LE PRESIDENT – Nous connaissons bien, les commandements, Seigneur…
DIEU – Oui, je sais, vous autres américains, vous les connaissez. Mais celui-là, tâchez de le respecter.

RAPPEL HISTORIQUE

En I957, les Russes avaient envoyé dans le ciel un satellite, le Spoutnik, qui se mit à tourner au dessus de la terre en émettant
le premier bip-bip de l'Histoire. Le 12 avril 1961 ils récidivèrent et, grâce à une fusée Vostok, ils mirent en orbite,
Gagarine, le premier homme dans l'espace.
Nous sommes en pleine guerre froide et les Américains, qui en sont au stade des essais spatiaux, sont très mortifiés pas les
succès russes. D'autre part le moral de la nation, enlisée dans la guerre de Vietnam, est au plus bas… Pour toutes ces
raisons le Président John Fitzgerald Kennedy prononce un grand discours devant le congrès (25 mai 1961)
dans lequel il annonce que dans les dix ans qui viennent les États-Unis se donnent pour objectif d'envoyer un
homme dans la lune.
La NASA, agence américaine de l'espace (National Aeronautics and Space Administration) procède méthodiquement et,
essai après essai, acquiert progressivement les connaissances nécessaires à la conquête de la lune. Le I6 juillet 1969
trois astronautes, Michael Collins, Edwin Aldrin et Neil Armstrong, prennent place dans la cabine d'Apollo 11 .
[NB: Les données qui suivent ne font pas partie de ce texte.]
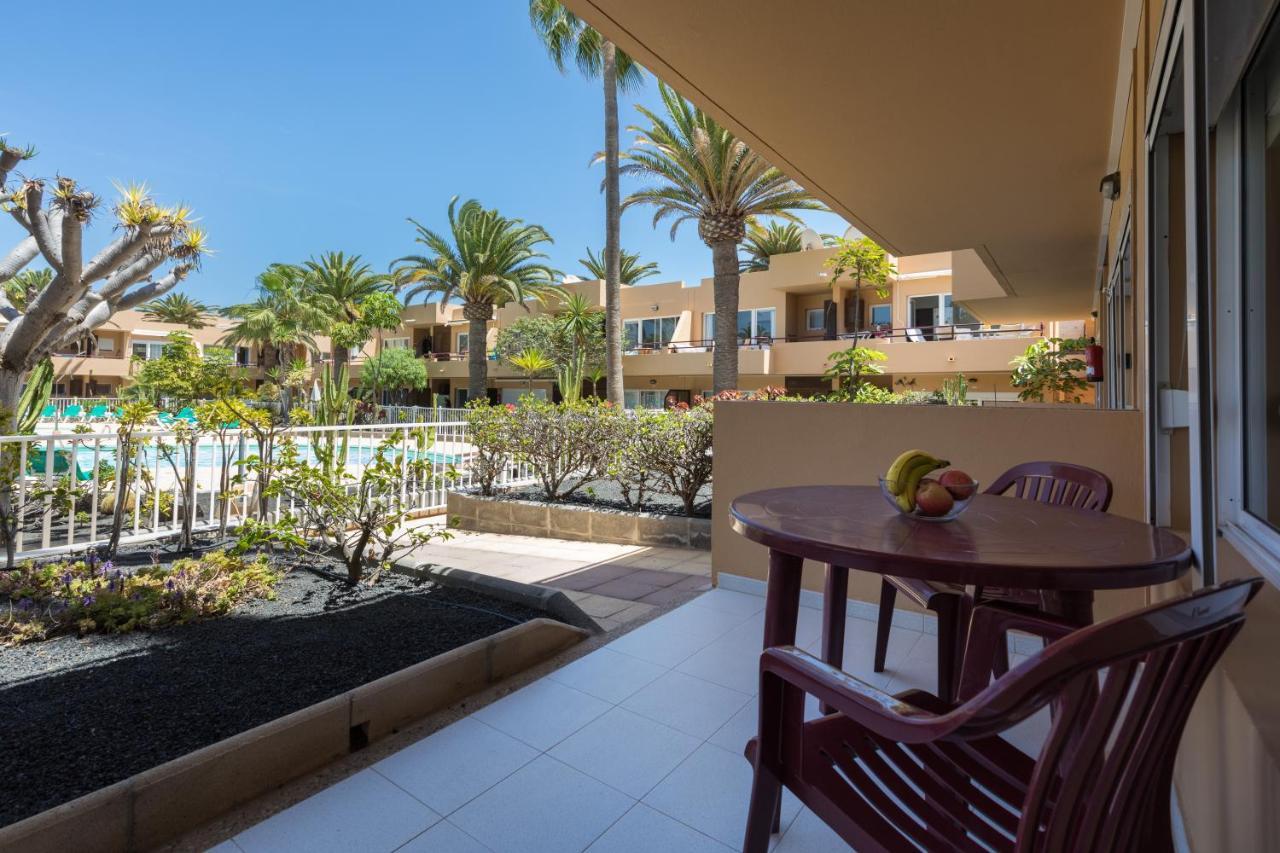 Home2Book Charming Sun & Dunes Apartment Corralejo Zewnętrze zdjęcie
Première étape, l'orbite terrestre, puis départ pour la lune et mise en orbite autour de la lune. Là, pendant que Michael
Collins reste en orbite, ses deux compagnons descendent vers la lune, où Neil Armstrong pose pour la première fois
un pied d'homme. Le monde entier aura suivi leur exploit à la télévision.
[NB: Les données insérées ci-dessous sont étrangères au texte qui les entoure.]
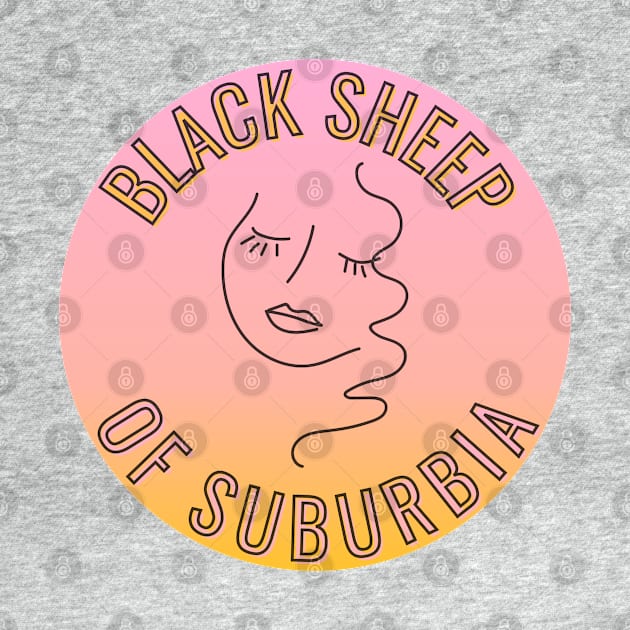 Black Sheep of Suburbia Collection x rant(ish) by RANTish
On peut considérer que la conquête de la lune a commencé au XVIIe siècle, lorsque Kepler et Newton découvrirent
les lois qui régissent le mouvement des corps célestes. Ces lois sont : pour KEPLER: 1 - Les orbites des planètes
sont elliptiques, le soleil étant l'un des centres. 2 - Les surfaces balayées en des temps égaux sont égales. 3 - Les
carrés des périodes de révolution des planètes sont proportionnels aux cubes de leur distance moyenne au soleil. Pour
NEWTON: deux corps quelconques s’attirent en raison directe de leurs masses, et en raison inverse du carré de la
distance qui séparent leurs centres de gravité.
Et pourquoi faire intervenir Dieu dans la pièce? Et bien d'abord parce que Dieu est souvent considéré comme "le grand
horloger" qui a réglé les mouvements de l'univers et que c'est dans les rouages de cet univers que l'homme, par la
conquête spatiale, est venu pour la première fois mettre les doigts. Ensuite parce que ce même Dieu est très présent à
l'esprit des Américains, non seulement en tant qu'individus, mais en tant que Nation. Dieu figure en effet dans la
constitution américaine et, lors de la conquête spatiale, il arriva plus d'une fois que tel ou tel l'implore ou le
remercie officiellement... Dès lors, il n'était pas inconvenant de le mettre en scène.